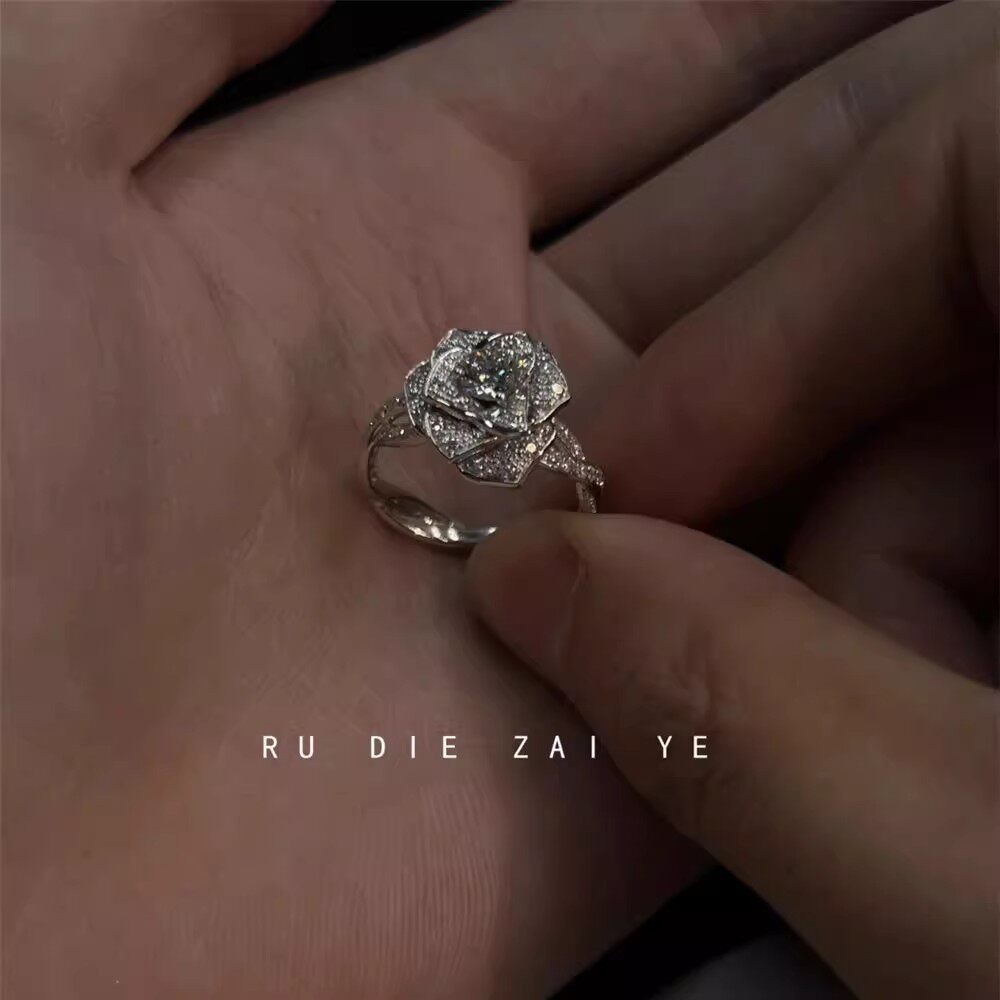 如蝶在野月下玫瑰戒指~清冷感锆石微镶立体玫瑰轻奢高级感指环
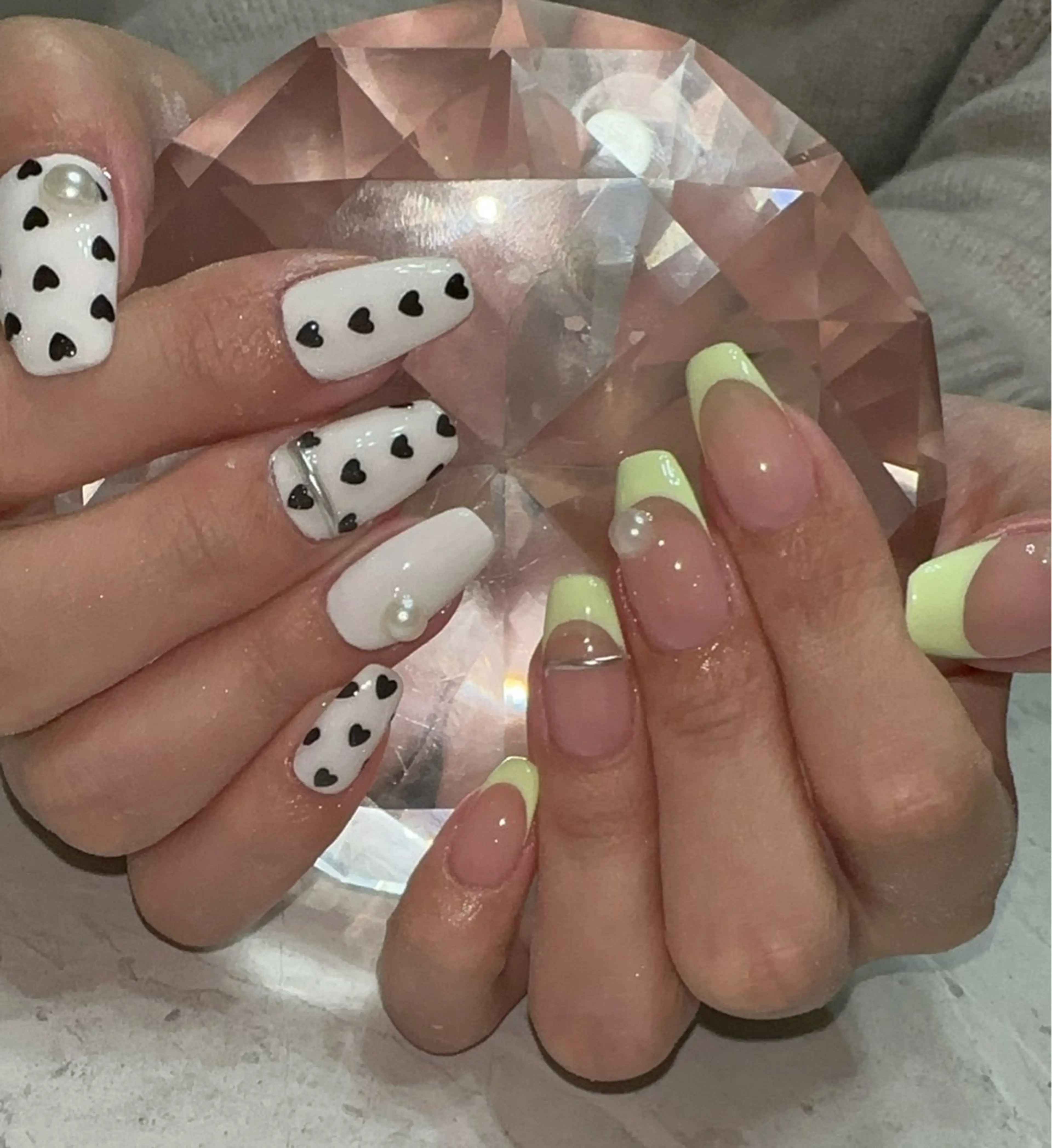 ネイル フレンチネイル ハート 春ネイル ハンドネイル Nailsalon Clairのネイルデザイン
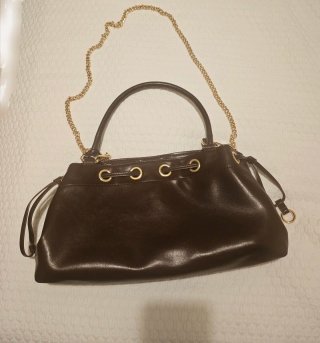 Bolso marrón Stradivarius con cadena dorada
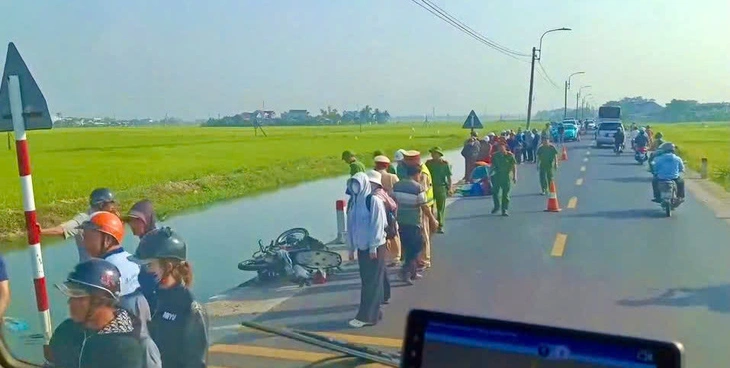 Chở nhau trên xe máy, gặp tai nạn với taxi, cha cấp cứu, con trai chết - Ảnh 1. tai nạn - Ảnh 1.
····················
The pictures in the listing above are to be dropped, and everything else reproduced exactly.

 如蝶在野月下玫瑰戒指~清冷感锆石微镶立体玫瑰轻奢高级感指环
 ネイル フレンチネイル ハート 春ネイル ハンドネイル Nailsalon Clairのネイルデザイン
 Bolso marrón Stradivarius con cadena dorada
 Chở nhau trên xe máy, gặp tai nạn với taxi, cha cấp cứu, con trai chết - Ảnh 1. tai nạn - Ảnh 1.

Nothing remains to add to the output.